4. The objective of subsystem and full-scale platform prototyping is to close the government’s technical knowledge gaps. Some observers believe government involvement in technology development slows innovation. On the contrary, the government technical community is key to speeding the government’s adoption of innovative capabilities and, just as critical, sustaining these systems once fielded.
In areas where government expertise strains to keep up with industry advances, leaders must ensure government technical experts receive adequate resources to keep pace. The standard must be for DoD to maintain a cadre of technical experts as knowledgeable as any outside expert in the application of a given technology to a DoD weapon system, particularly critical subsystems. The technical support community for Navy submarines exemplifies this standard of expertise.
We recognize Congress has an important role to play—indeed, a constitutional duty—in maintaining our Navy. To this end, the National Defense Authorization Act (NDAA) for Fiscal Year 2020 contained provisions that would support this alternative approach, including:
- Section 131, which required the results of test programs of subsystem prototypes, as well as design changes identified during the operational test periods of the first Arleigh Burke–class destroyer in the Flight III configuration, be incorporated prior to program initiation of the next new class of Navy large surface combatants,
- Section 1034, which established a Senior Technical Authority (STA) for each class of naval vessels. Each STA is responsible for establishing, monitoring, and approving technical standards, tools, and processes for the class of naval vessels. The STA must certify the systems engineering and subsystem prototyping plans prior to program initiation of a lead ship in a new class.
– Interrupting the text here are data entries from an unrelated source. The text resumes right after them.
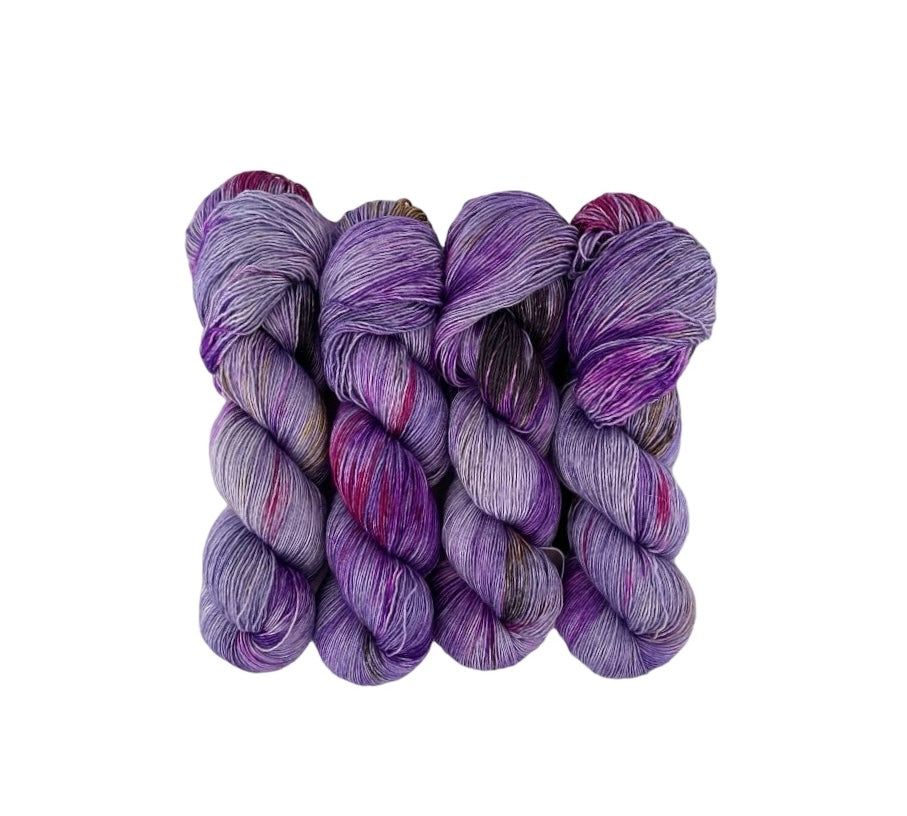 Experience the luxurious softness of hand-dyed single-ply yarn made from a luxurious blend of merino wool and silk. The delicate purple, pink, grey, and gold color combination will add a touch of elegance to your projects. Perfect for knitting or crocheting a one-of-a-kind piece for your next first date.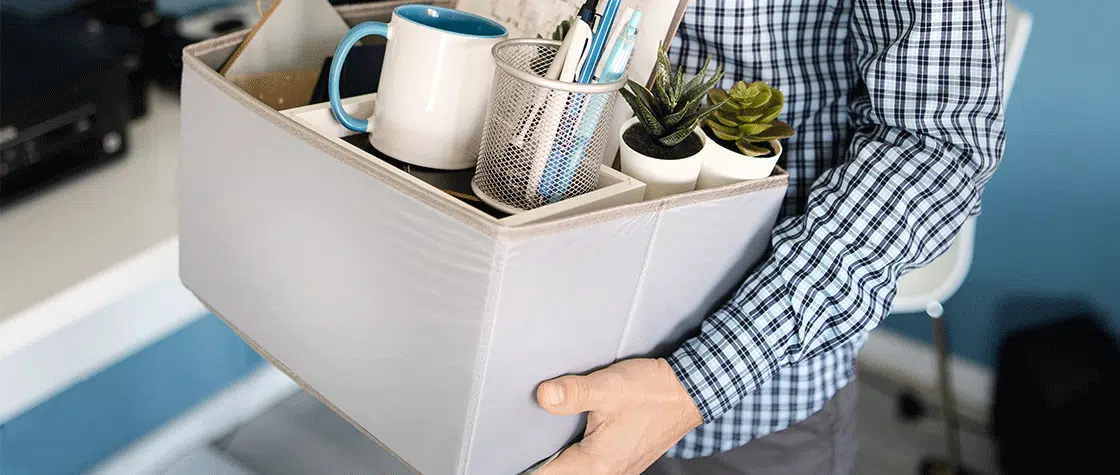 someone carrying a box of desk items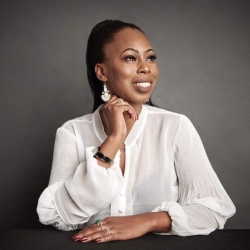A woman with black hair, wearing a white shirt, sits with one arm under her chin and smiles.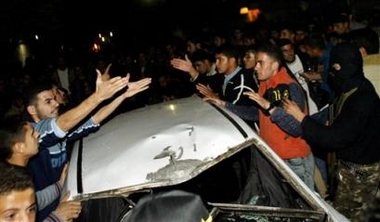 Palestinians gather around the wreckage of a car after it was hit in an Israeli missile strike in Gaza City, Wednesday Dec. 14, 2005.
In the Senate Armed Services Committee NDAA for Fiscal Year 2021, which the Senate approved 86–14 in July, we furthered this approach by including:
- Section 122, which requires the qualification of main engines and electrical generators capable of meeting requirements prior to program initiation for medium and large unmanned surface vessels,
- Section 237, which requires a certification from the Under Secretary of Defense for Research and Engineering on subsystem prototyping and maturity prior to the DoD’s contracting for certain unmanned vessels.
We believe the case is clear and compelling that successful prototyping of individual critical subsystems is essential to achieving a solid technical foundation for new platforms, particularly in shipbuilding. Rather than delaying new programs, this approach will enable the delivery of capable, reliable, and sustainable platforms that meet the needs of military commanders faster than would otherwise occur.
Leaders in the Pentagon, Capitol Hill, and industry must recognize that speeding innovative research and development, acquiring new capabilities faster, and transforming the way the U.S. military fights will require the disciplined demonstration of critical subsystems first. We look forward to working together toward this end. The stakes are real, and we have no time to waste.